New for the season is a fabric the company is calling Bali, which is a woven synthetic material that has a tropical aesthetic, said the company’s owner, Eve Parker.

“Also new for this season, we have added small zipper cases in a change-purse size, in addition to our totes and purses,” Parker said.

Parker said mesh is a key fabric for the company, and this spring, it is offering a number of colored mesh styles.

“Now, we are combining mesh colors to create new colored styles. But you can still see what’s inside the bag,” she said.

The company is also offering canvas bags with stripes, which have been popular with buyers, Parker said. Also on tap for spring is a new domed-shape bag that is flat on the bottom and has no closure.

The 24-year-old company manufactures all of its products — distributed to specialty stores and boutiques — domestically, at its factory in California.

The line’s wholesale prices range from $4 to $40.

At New York-based accessories company Seasonal Whispers, suede is a key fabric, said owner and designer Yafit Goldberg.

The company’s offerings include necklaces with suede details and ornaments, said Goldberg. Rings and belts are also included in the merchandise mix.

“Belts are still a huge category,” Goldberg said. “We believe the category is getting bigger and bigger, and we have many different styles to address that.”

Among its new belt offerings are chain and buckle styles.

The 12-year-old company, which has two units in lower Manhattan, sells its line to department, specialty and gift stores. Wholesale price points range from $5 and $70.

At jewelry maker Janny Co., key trends are those inspired by nature, said owner and designer Janny Khalili.

The Encino, Calif.-based company is focusing on leaf and flower motifs in its necklaces, earrings and bracelets. The company is also offering jewelry with cameos, which continues to be a popular genre.

“Everyone loves flower and leaves, and that is why I have chosen to focus on these themes,” Khalili said.

All of the products are made in antique glass that is shipped from Europe and other locales, she said.

Janny Co. is also looking to liven things up with its color palette, which includes green, beige, purple, blue and pink.

The 16-year-old company sells to museums, including the Boston Museum of Fine Arts and carries wholesale price points between $20 and $120.

Zazou, based in Berkeley, Calif., is best known for its scarves and shawls, but the firm has been moving more into the handbag arena.

The company for fall is offering a number of scarves and shawls with bold prints, including an Asian-inspired print called “Shanghai Graffiti,” as well as Op and Pop Art designs, said sales manager Richard Taranto.

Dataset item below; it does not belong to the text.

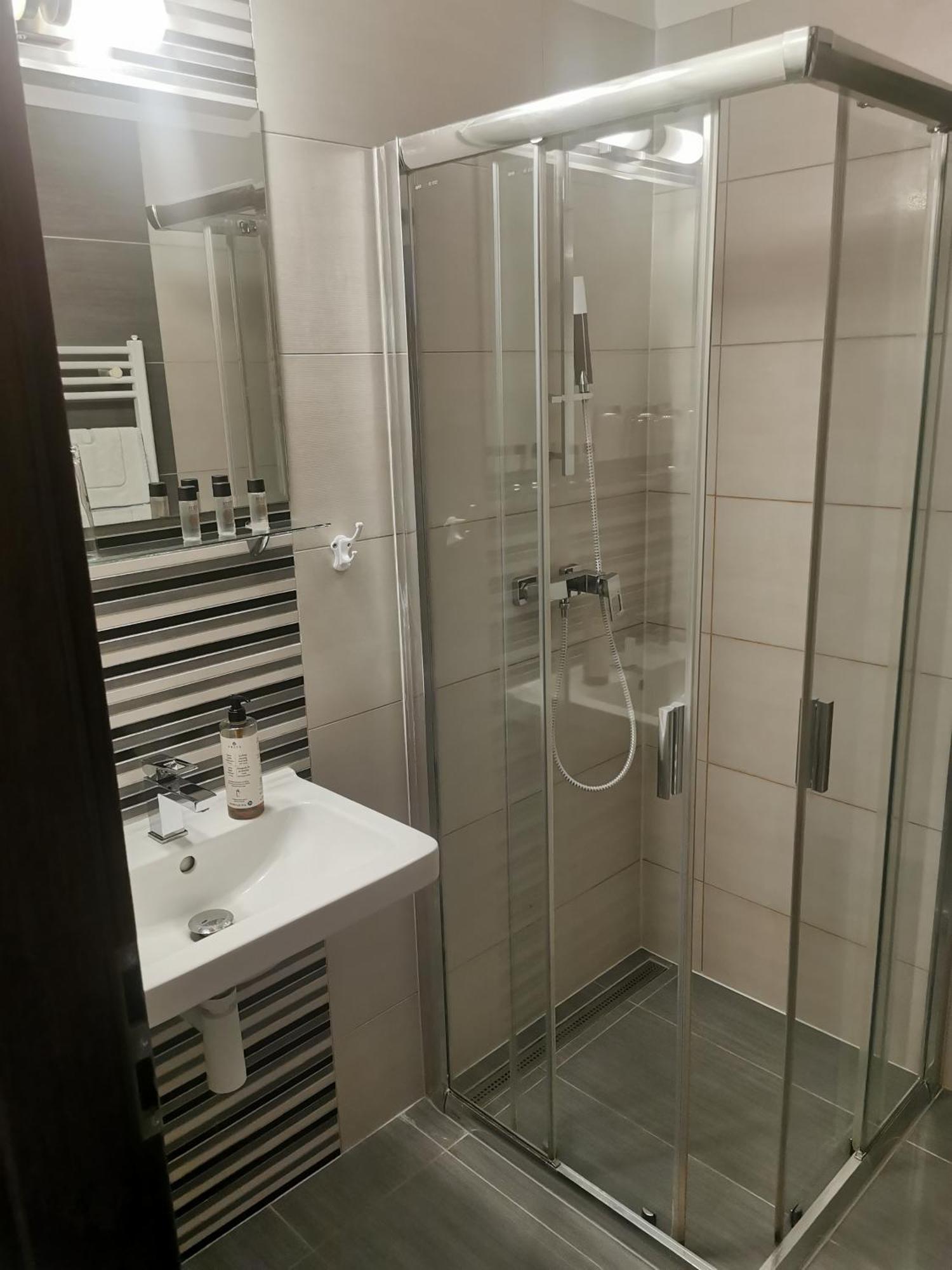 Hotel Diana Nove Mesto nad Vahom Exterior photo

Floral prints continue to be an important component of the line and are featured on silk and rayon and in both printed and embroidered variations.

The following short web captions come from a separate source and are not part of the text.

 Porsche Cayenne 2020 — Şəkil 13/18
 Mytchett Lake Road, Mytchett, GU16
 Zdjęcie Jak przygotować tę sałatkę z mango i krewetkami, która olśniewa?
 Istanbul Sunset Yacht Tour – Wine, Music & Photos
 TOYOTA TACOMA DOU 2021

Taranto said the firm is expanding its Museum collection — sold to museums and art institutions — which features prints of locales such as the Grand Canal in Venice as well as aquatic and botanical scenes.

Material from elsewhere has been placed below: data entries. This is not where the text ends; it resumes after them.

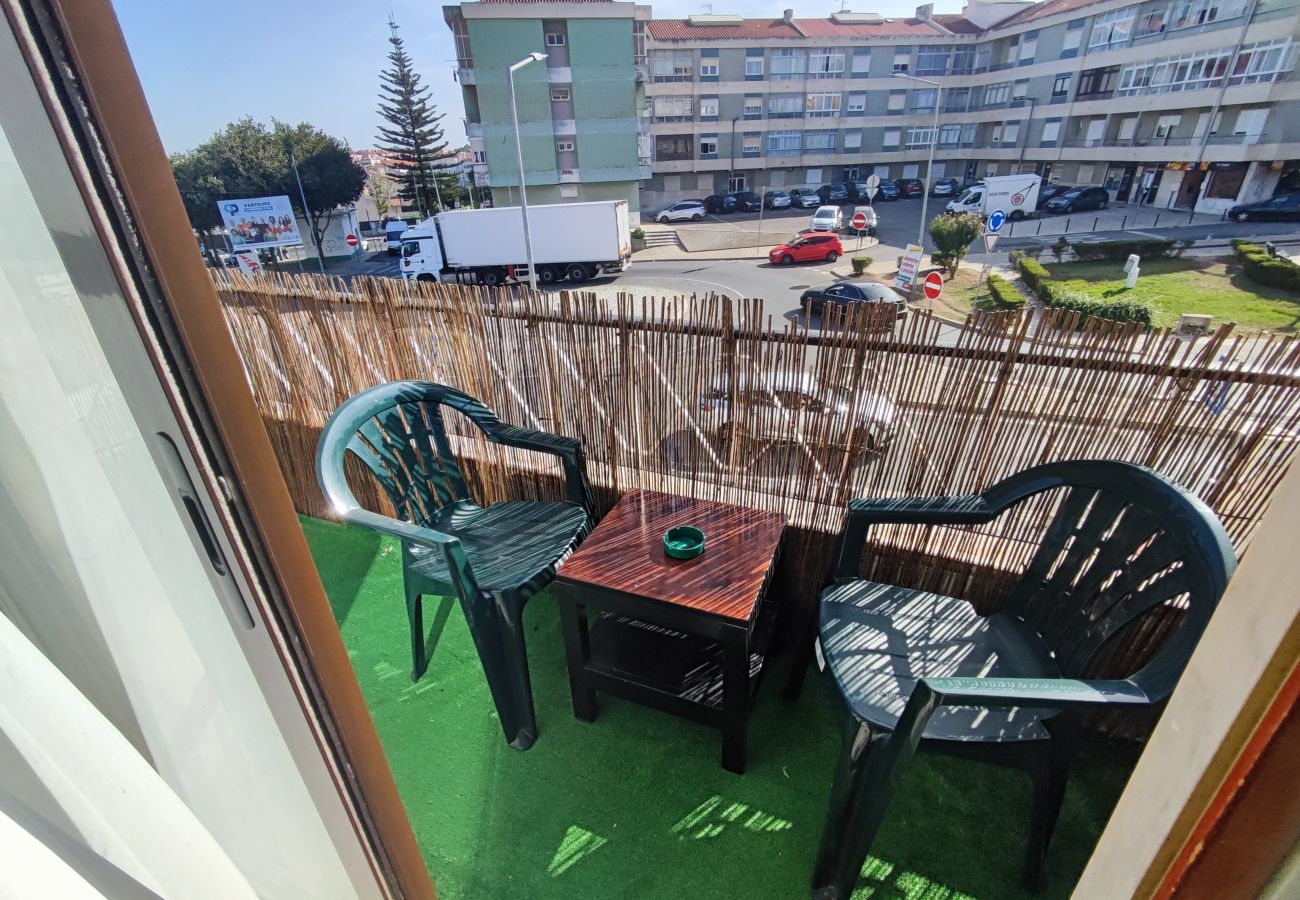 Apartamento em Queluz - Sintra, T3 com terraço em Massamá, Queluz, Sintra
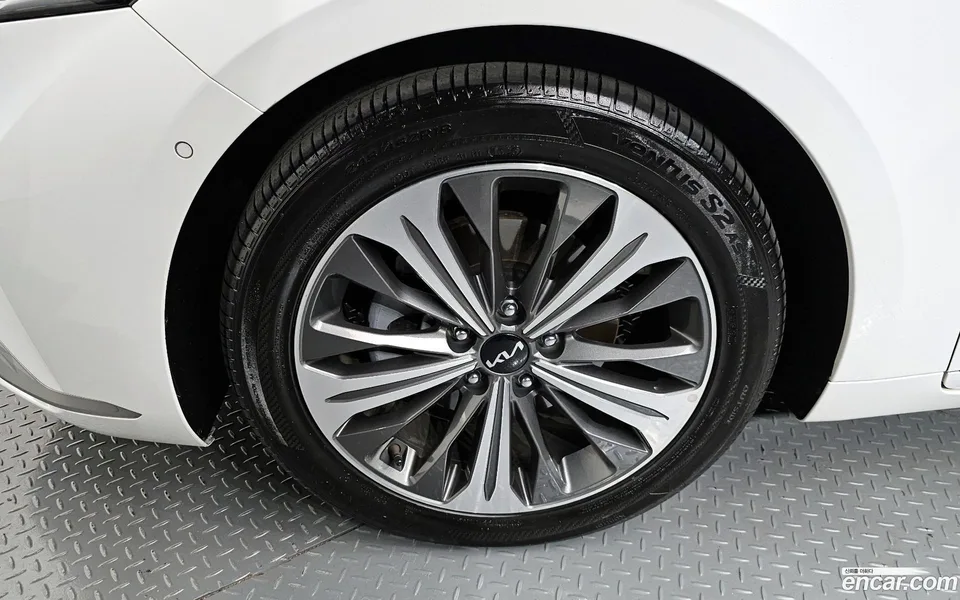Kia K8 Hybrid 2023 — миниатюра 5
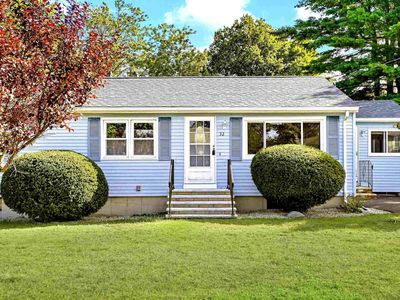 Property at 32 Henderson Circle, Salem, NH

The 20-year-old firm introduced handbags about 1 1/2 years ago and it continues to expand this area of its business. Handbags, which wholesale for about $19, are now available in a coated silk. Among its new bag offerings is the Shoe Sac, which features prints of shoes.

Joseph Anthony, a fashion jewelry firm based in New York, is focusing on earrings and pendant sets, said co-owner Anthony Yartim.

He said the company’s design direction is coming from what is happening in the fine jewelry market. Most of the items feature cubic zirconia or crystal.

“Everything we are offering has a stone in it,” he said. “We have done well with styles inspired by the three-stone diamond pendants. We plan to keep going forward with that, especially since many people want immediate looks.”

Most of the firm’s offerings are made in brass and have rhodium plating, giving the jewelry a silver color.

The two-year-old company sells to specialty stores, and its wholesale price points range from $3 to $30.